I peeked through my fingers. “Do you want to know how many naked men I’ve had in this room?”

“Not really.”

“Zero!”

“Until today.”

“Until today.”

“You’re naked, too,” he pointed out as he buckled his pants. “Under that blanket.”

“We’re going to be late,” I said, back to business, “both of us, at the same time. They’ll totally know what happened.”

“They will not. I have a legendary poker face.”

“I don’t!” I was panting just a little. “Neither of us is ever late! Both of us late—together? We’re screwed.”

“Don’t panic,” he insisted, all chill. “I’ll text the captain. I’ll tell him your car broke down and I’m giving you a ride.”

Actually, that was a good idea.

Plausible, at any rate.

“Go take your shower,” he said then. “I’ll make coffee.” I started to turn, but then he said, “Wait! One quick thing!”

And then he was beside me, no shirt, no shoes, and he was wrapping his arms around me and the blanket. He pressed his face into my hair at the crook of my neck. “Thank you,” he said then. “For everything.”

THE GUYS DIDnot suspect us.

If they had, they would have teased us mercilessly. I waited for it all day, but it never happened.

So I just did what I do best: ignored the rookie and did my job.

It was a week before Owen would have a chance to talk to his dad, so we’d have at least two full shifts of doing this before anything changed. Whatever “this” was. It wasn’t dating, that was for sure. I’d forbidden him to come near me again until this whole situation was resolved. I guess we were just keeping a shared secret. Or maybe nurturing a mutual crush. Or having flashbacks—luxurious, shocking, delicious flashbacks—of that glorious night in my attic room and the way the breeze had ruffled the pom-pom curtains.

Or maybe quietly, without even doing anything at all, we were just making each other happy.

It was weird to feel happy—especially when there was so much trouble and sorrow around us. But I just couldn’t seem to help it.

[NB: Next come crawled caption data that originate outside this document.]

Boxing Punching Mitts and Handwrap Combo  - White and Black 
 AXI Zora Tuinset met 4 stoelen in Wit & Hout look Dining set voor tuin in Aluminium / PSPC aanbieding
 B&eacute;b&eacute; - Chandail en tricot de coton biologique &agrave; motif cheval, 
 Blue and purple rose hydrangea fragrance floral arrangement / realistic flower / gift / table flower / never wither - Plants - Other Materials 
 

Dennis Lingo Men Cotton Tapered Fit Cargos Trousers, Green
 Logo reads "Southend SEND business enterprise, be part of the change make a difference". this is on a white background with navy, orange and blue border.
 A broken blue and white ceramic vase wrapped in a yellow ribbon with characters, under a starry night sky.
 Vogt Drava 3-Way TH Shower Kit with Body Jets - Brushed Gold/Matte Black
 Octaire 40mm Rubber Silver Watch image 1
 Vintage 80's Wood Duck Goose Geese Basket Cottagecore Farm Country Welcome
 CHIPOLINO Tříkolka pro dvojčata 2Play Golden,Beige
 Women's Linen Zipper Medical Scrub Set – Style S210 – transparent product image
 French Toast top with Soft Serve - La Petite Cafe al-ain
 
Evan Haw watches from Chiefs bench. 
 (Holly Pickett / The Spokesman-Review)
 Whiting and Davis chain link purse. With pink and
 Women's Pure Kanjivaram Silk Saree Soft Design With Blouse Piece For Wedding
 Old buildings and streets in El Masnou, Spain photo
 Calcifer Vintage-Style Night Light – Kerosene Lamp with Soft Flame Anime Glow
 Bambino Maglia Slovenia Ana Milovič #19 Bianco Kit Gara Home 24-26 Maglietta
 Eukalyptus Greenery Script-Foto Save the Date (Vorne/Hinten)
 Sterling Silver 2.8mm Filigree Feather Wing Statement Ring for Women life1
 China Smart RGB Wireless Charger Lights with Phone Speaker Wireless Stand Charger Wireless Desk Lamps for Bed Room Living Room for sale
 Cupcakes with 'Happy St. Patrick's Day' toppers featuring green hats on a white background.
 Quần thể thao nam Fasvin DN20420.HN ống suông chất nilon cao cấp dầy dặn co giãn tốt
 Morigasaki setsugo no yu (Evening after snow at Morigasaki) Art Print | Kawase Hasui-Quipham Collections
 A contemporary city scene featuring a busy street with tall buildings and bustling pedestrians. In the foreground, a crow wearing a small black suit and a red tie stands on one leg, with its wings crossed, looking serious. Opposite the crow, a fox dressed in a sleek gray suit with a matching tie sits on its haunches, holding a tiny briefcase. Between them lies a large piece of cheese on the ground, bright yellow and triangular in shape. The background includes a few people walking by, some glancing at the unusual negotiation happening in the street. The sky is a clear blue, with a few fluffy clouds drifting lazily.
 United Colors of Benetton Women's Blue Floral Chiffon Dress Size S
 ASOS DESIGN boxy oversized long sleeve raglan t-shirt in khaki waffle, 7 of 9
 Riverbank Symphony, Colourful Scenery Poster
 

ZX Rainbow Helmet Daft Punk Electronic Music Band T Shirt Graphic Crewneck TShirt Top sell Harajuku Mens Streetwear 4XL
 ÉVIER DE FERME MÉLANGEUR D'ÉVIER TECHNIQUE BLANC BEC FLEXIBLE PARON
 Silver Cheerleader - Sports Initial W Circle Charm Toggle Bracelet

So I let it be what it was. I let it alter my experience of being on shift in ways that didn’t matter and ways that did. I was supposed to be a robot, but I’d become the opposite of that. Instead of metal and machinery inside my rib cage, it was music and motion and color. It was grief about my mother, and euphoria about Owen, and hope for the future and regret for the past—all swirling together in some relentless symphony.

Distracting.

I wasn’t sure it made me bad at my job, though.

If anything, it seemed to make me better—more committed, more alert. More alive.

It wasn’t easier. It was harder.

But it was better.

I made it through a whole week like that, trying to let everything that had happened soak in and start making sense in my head. It did and it didn’t, and my mom insisted that was okay. That’s just how the heart worked, she said—more in circles than straight lines.